2. Pyramid Position Building Method
Use only 20% of capital for the initial position. After confirming the direction is correct, add positions in increments of 15% and 10%. Keep total holdings strictly under 70%, reserving 30% cash for unexpected market moves. Never go all-in.
3. Iron Rule: Execute Stop Loss and Take Profit
Close positions decisively at 5% loss—never hold losers or double down. Stagger exits at profit targets: 5%-8% for short-term trades, 15%-20% for medium to long-term trades. Lock in gains immediately upon reaching targets.
4. Focus on Trading, Avoid Distractions
Operate only 1-2 gold-related instruments at a time (such as spot gold + EUR/USD). Too many products dilute focus and lead to mistakes. Specialization enables precise opportunity capture.

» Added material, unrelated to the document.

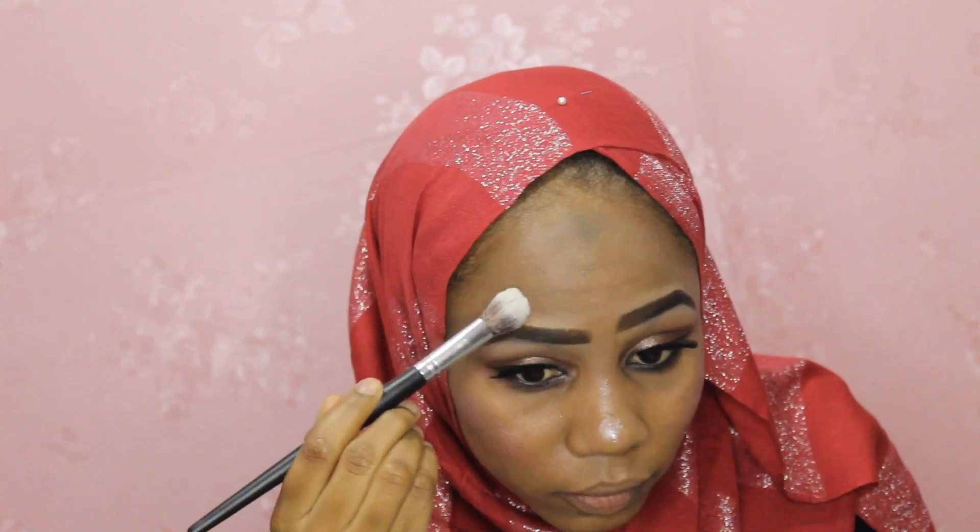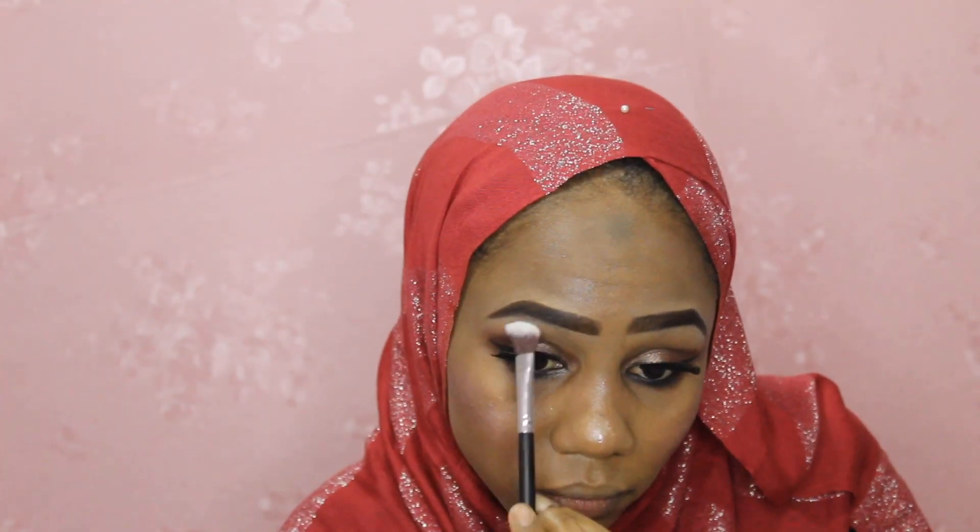Now I'm going to do my cheeks. Then for my lips, I'm going to use this Beauty lipstick and the Glamour lipstick. I'm going to apply this — I'm just going to top it on.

5. Trade with Trends, Never Against Them
Only go long when daily and weekly trends are up; only go short when trends are down. Trading against major trends equals guaranteed losses. Trend-following is the foundation of profitability.
## II. Gold Trading Pitfall Avoidance Principles⚠
Don't panic-sell after non-farm data causes sharp declines—markets often rebound after exploring lows.
After central bank bulk gold purchases spike prices, policy implementation often triggers pullbacks.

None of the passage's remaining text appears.